People are Loss Averse
In economics, it is known as the Prospect Theory. Prospect Theory states that people are loss averse, meaning people perceive losses more strongly than gains. If a small artist or team doesn’t go with a big label now, they may not have the opportunity to go with them in the future. A potentially big loss if the artist fails. If United Masters can quantify and mitigate the monetary value lost if an act succeeds, they could persuade some managers to adopt the risk and cost associated with staying independent. Clearly articulating a value proposition for theoretical future gains is difficult.
Conflict of Interest
In management theory, it is known as the Realtor Effect. If a realtor is selling a house, they only get a small percent of the sale. Instead of fighting for incremental gains for the seller, the Realtor’s time is better spent finding other houses to sell, despite whether the extra work is in the seller’s best interest. People on the business side of an artists career are incentivized to have artist’s work with a larger record company, because their dollar per hour inputed is more attractive. The business person is required they spend less time working with an act, but still sees attractive financial returns. The business person’s time is better spent finding and signing new acts.
Platform
It’s extremely difficult to build a platform based on assets you don’t own. Surviving in a company’s supply chain is difficult, because you are ultimately beholden to the owner of the content. United Masters doesn’t own the Streaming Services’ data or distribution network.
To The Point
If someone is going to disrupt the market with a low-end disruption, it would be an industry insider like United Masters’ founder. There are two reasons here…
- Longtime industry insider is the only person familiar enough with the inefficiencies that are actually crucial to win business.

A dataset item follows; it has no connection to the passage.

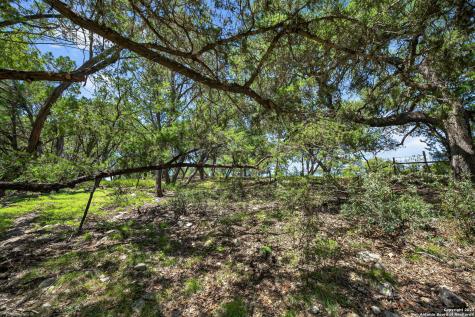 924 Wagon Creek Bandera TX 78003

- Low-end market disruption work in a B2B environment. Industry insiders know how to speak to the decision makers on the business side of an artist’s career, which makes them more qualified to explain the value proposition to them.
Conclusion
If you read my article closely, you’ll notice I don’t take a stand on the viability of United Masters. I don’t think asking the question “Do you think the company will succeed?” is the right question — I can’t tell you if the company will succeed. I can tell you how the incentives work. However, just because the incentives line up for the company does not mean they will succeed. But if a company can understand the incentives, they can make the right decisions, but that is half the battle. The ability to design and implement creative solutions to leverage these incentives is what separates success from failure.